Back(Lecture 2) Types of Data and Graphical Summaries in Statistics
Study Guide - Smart Notes
Tailored notes based on your materials, expanded with key definitions, examples, and context.
Section 2.1 Different Types of Data
Individuals, Samples, and Variables
In statistics, a population consists of individuals or subjects under study.

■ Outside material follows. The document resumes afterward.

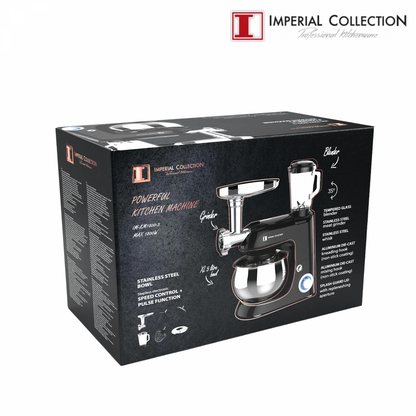 Imperial Collection Professionele Keukenmachine 4 in 1 Grijs - Design Meubelz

A sample is a subset of the population, and variables are characteristics observed in a study.
Individuals: The subjects or entities being studied (e.g., people in the US Census 2000).

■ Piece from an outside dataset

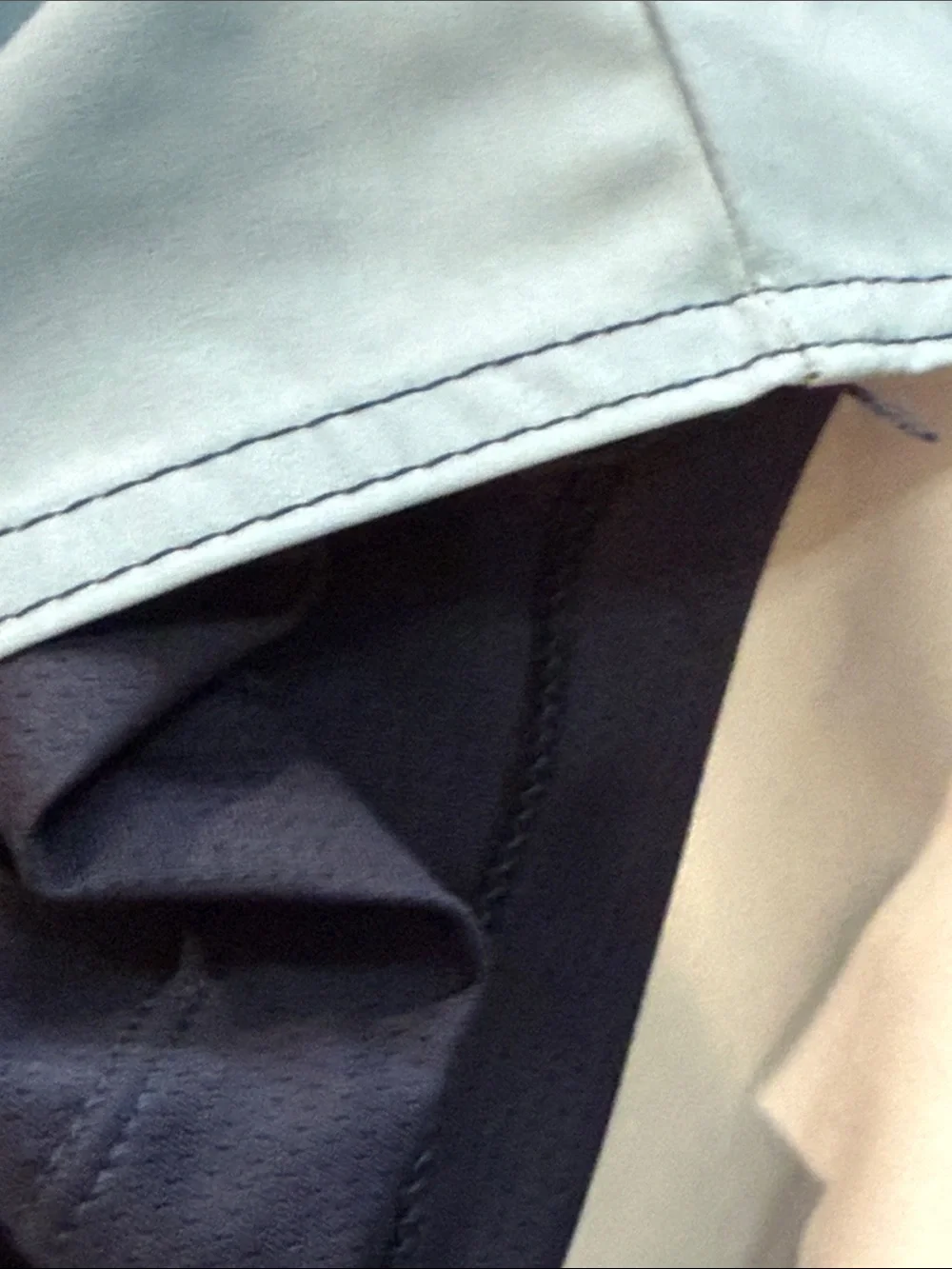 Eddie Bauer Two-Tone Navy and Light Blue Swim Shorts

Variables: Characteristics measured or observed for each individual (e.g., state of residence, zip code, family size, annual income).

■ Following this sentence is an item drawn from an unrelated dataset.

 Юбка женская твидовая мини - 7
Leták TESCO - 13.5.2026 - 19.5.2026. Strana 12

State | Zipcode | Family_Size | Annual_income |
|---|---|---|---|
Florida | 32716 | 8 | 200 |
Alabama | 35236 | 5 | 800 |
Florida | 32116 | 6 | 13500 |
Florida | 33679 | 5 | 21000 |
Alabama | 36374 | 4 | 21000 |
California | 94565 | 1 | 23000 |
Types of Variables
Variables can be classified as either categorical (qualitative) or quantitative (numeric).
Categorical Variable: Each observation belongs to one of a set of distinct categories. Examples: Gender (Male/Female), Religious Affiliation (Catholic, Jewish, etc.), Type of Residence (Apartment, Condo, etc.), Belief in Life After Death (Yes/No), Payment Method.
Quantitative Variable: Observations take numerical values representing different magnitudes. Examples: Age, Number of Siblings, Annual Income.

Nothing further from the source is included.